Let $k$ be a field and $\Lambda=\begin{bmatrix} k & 0 \\ k^2 & k[x]/(x^2) \end{bmatrix}$. This ring is an algebra over $k$.
(a) What is $\dim_k \Lambda$?
(b) Is $\Lambda$ a left Artinian ring? Is $\Lambda$ a left Noetherian ring?
(c) Is $\Lambda$ a semisimple ring?
I'm not so sure whether my solutions are correct.
(a) I would say that the dimension is 5 because $\Lambda$ has the basis
$$ \begin{align} \begin{bmatrix} 1 & 0 \\ (0,0) & \bar{0} \end{bmatrix}, \begin{bmatrix} 0 & 0 \\ (1,0) & \bar{0} \end{bmatrix}, \begin{bmatrix} 0 & 0 \\ (0,1) & \bar{0} \end{bmatrix}, \begin{bmatrix} 0 & 0 \\ (0,0) & \bar{1} \end{bmatrix}, \begin{bmatrix} 0 & 0 \\ (0,0) & \bar{x} \end{bmatrix}, \end{align} $$
where $1$ denotes the unity in $k$. Is this correct?
(b) The set $I=\begin{bmatrix} 0 & 0 \\ k^2 & 0 \end{bmatrix}$ is an ideal in $\Lambda$ and $\Lambda / I \simeq k \oplus k[x]/(x^2)$. $k$ is a field, hence Noetherian and Artinian. The submodules of $k[x]/(x^2)$ are $(0), \frac{(x)k[x]}{(x^2)}, k[x]/(x^2)$ and thus, $k[x]/(x^2)$ is also Noetherian and Artinian. So, $\Lambda/I$ is Noetherian and Artinian.

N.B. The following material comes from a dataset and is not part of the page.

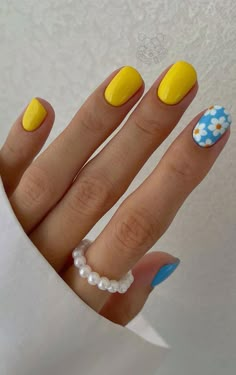 Yellow Nails Design, Unghie Nail Art, Cute Gel Nails, Gradient Nails, Yellow Nails, Artificial Nails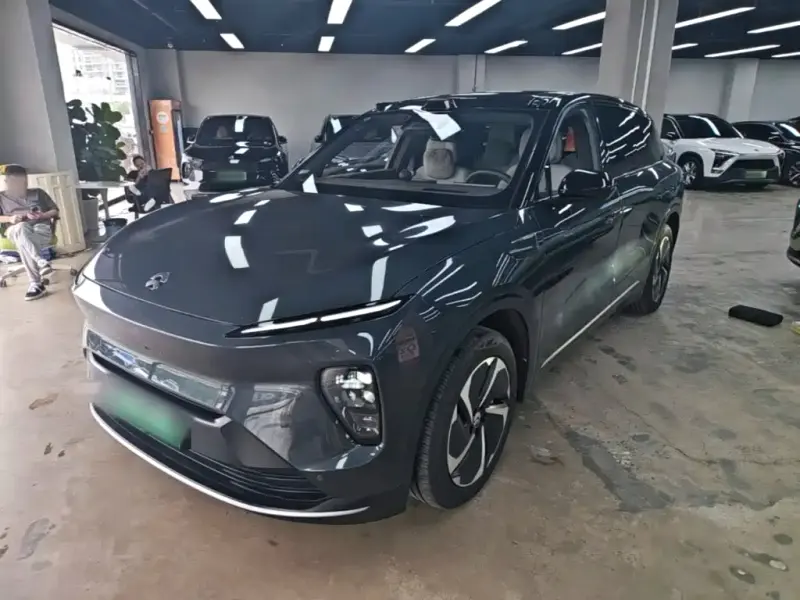 NIO ES8, 2023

Since $I$ hasn't any non-trivial submodules, it is also Noetherian and Artinian and therefore, $\Lambda$ is Noetherian and Artinian.
(c) Suppose that $\Lambda$ is semisimple. Since $\Lambda$ is also Artinian, it cannot have any nilpotent ideals. But $I$ is nilpotent ($I^2=0$), a contradiction. So, $\Lambda$ is not semisimple.
Is this correct?